A wearable sign language translation device utilizing silicone-hydrogel hybrid triboelectric sensor arrays and machine learning

Sign language is a crucial communication tool for the hearing impaired to interact with the outside world. However, the low prevalence of sign language leads to significant communication barriers between the hearing impaired and others. These barriers can be alleviated by using electronic sign language translation devices, but such devices typically face challenges related to their bulkiness, rigidity, and high cost. Herein, we present a cost-effective, flexible, and wearable device designed for the interpretation of sign language, leveraging machine learning algorithms to transform sign language movements into spoken language accurately. Our device is equipped with flexible and stretchable triboelectric sensor (FS-TS) arrays and a printed circuit board for efficient signal processing and wireless transmission.

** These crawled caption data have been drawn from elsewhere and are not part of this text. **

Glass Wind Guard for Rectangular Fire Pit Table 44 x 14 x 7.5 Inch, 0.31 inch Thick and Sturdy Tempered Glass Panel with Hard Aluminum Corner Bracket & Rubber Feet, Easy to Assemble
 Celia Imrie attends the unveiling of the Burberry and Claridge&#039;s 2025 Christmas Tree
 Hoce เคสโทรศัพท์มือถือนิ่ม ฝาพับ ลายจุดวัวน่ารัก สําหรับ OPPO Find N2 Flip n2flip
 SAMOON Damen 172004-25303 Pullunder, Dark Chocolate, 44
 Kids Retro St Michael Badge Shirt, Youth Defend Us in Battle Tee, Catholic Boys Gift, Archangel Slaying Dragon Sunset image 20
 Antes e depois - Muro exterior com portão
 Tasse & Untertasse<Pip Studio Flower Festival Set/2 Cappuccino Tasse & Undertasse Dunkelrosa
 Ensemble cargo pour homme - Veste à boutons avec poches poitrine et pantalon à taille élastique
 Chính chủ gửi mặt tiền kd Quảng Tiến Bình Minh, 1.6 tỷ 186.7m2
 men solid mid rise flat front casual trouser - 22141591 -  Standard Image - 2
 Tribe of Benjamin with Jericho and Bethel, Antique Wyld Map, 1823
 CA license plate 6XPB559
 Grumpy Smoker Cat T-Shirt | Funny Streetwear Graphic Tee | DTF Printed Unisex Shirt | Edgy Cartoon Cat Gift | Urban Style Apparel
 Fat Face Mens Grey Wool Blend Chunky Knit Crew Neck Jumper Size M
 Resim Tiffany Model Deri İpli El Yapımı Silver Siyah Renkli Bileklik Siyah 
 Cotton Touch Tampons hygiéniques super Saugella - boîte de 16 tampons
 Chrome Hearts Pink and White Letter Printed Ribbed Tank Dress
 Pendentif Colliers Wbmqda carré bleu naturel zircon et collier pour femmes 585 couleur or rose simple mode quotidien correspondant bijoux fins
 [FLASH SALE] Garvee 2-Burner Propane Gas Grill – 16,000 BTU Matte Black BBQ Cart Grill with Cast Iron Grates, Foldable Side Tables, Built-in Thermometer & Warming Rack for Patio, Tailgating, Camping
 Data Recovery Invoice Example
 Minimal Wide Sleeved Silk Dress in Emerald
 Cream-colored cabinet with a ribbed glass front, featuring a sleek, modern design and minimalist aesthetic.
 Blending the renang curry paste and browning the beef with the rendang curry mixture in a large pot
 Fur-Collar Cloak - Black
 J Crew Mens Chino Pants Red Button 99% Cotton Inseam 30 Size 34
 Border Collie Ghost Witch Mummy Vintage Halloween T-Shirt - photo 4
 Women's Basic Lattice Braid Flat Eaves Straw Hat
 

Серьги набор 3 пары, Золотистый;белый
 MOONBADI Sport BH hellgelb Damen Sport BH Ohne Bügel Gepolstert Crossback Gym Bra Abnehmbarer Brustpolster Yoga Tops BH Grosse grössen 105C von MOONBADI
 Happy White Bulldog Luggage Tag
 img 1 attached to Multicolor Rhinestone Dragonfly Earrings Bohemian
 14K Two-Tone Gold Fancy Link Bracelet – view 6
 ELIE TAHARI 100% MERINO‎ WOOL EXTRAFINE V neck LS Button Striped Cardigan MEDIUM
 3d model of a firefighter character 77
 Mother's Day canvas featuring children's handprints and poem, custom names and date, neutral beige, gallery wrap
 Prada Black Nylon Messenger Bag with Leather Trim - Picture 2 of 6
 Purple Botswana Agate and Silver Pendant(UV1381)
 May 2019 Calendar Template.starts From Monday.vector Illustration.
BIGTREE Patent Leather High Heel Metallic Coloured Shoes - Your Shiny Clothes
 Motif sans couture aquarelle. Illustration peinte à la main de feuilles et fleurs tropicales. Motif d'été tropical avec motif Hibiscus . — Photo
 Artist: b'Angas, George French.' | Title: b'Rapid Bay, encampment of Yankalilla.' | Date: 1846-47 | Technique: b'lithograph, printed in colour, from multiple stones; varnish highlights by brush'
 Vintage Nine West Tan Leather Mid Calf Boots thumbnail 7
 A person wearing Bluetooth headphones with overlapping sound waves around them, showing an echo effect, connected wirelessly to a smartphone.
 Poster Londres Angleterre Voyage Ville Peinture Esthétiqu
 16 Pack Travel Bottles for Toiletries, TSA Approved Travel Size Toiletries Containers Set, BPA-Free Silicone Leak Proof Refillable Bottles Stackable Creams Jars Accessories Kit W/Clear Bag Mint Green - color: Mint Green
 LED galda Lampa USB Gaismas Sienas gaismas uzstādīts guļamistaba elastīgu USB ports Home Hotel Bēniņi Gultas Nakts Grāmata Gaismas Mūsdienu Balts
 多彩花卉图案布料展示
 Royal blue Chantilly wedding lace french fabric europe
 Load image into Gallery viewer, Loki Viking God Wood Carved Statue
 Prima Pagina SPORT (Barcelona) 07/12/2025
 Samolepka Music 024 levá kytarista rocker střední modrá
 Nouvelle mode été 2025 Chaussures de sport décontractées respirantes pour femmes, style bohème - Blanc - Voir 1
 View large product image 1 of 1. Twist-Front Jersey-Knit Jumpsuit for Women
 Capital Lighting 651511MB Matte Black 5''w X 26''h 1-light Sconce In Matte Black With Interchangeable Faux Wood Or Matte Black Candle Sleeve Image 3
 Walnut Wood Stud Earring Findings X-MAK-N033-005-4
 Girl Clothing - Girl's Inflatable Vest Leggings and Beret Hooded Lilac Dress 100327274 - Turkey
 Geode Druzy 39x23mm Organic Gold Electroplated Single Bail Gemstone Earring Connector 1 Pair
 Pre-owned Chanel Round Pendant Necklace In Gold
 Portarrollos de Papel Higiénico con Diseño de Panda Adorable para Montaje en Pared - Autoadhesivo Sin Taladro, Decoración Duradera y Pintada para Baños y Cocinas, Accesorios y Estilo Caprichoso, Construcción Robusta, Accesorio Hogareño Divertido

These FS-TSs are constructed from cost-effective materials including silicone, hydrogel, and fluorinated ethylene propylene (FEP) powders, which, while affordable, ensure rapid response and heightened sensitivity. By analyzing 1000 sets of sign language gestures with machine learning, our system has achieved an impressive recognition accuracy of 98.5 %. This achievement underscores the potential of our system as an economically viable and scalable solution for enhancing sign language recognition within the wearable electronics domain. [Display omitted] •A flexible and wearable triboelectric sensor that can be used for sign language translation was developed.•Leveraging FEP’s electronegativity and silicone’s stretchability, a flexible hybrid triboelectric layer is achieved.•The sign language system is easy to produce, cost-effective, highly flexible, and scalable for widespread use.•The sign language translation system can successfully classify 10 typical gestures with an accuracy of 98.5 %.